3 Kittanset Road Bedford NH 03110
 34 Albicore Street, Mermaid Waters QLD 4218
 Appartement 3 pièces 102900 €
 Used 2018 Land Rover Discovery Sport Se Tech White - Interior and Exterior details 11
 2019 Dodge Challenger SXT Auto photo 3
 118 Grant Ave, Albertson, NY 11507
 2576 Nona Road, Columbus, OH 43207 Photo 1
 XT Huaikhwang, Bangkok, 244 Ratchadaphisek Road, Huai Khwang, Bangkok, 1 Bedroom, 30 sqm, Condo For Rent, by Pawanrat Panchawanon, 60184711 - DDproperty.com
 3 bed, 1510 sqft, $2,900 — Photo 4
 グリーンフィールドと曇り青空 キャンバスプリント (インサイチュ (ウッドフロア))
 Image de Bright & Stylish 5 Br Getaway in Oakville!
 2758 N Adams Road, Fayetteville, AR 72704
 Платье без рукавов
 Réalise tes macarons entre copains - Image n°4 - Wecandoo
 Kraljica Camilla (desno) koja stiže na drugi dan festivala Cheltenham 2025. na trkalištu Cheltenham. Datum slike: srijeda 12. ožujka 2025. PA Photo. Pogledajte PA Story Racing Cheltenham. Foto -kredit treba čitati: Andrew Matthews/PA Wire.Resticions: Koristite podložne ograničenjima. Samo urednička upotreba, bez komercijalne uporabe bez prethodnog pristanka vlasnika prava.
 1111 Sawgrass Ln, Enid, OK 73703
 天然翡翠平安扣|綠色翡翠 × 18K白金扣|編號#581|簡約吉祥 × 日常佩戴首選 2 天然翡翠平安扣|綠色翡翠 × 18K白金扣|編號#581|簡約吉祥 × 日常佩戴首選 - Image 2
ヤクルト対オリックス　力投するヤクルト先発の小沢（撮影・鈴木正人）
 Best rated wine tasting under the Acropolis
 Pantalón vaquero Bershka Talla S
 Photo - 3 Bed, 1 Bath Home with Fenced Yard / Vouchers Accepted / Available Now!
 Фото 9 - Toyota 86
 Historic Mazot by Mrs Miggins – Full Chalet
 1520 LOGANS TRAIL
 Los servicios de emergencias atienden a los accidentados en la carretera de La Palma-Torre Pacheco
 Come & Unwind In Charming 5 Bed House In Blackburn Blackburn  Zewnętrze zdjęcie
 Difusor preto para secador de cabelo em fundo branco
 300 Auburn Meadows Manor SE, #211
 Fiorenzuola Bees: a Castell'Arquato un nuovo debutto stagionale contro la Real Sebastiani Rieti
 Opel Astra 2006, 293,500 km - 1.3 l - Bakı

================

**PROBLEM DESCRIPTION:** Return, from the material above, every line with the word "Image".

**RESULT:**
 Image de Bright & Stylish 5 Br Getaway in Oakville!
 Réalise tes macarons entre copains - Image n°4 - Wecandoo
 天然翡翠平安扣|綠色翡翠 × 18K白金扣|編號#581|簡約吉祥 × 日常佩戴首選 2 天然翡翠平安扣|綠色翡翠 × 18K白金扣|編號#581|簡約吉祥 × 日常佩戴首選 - Image 2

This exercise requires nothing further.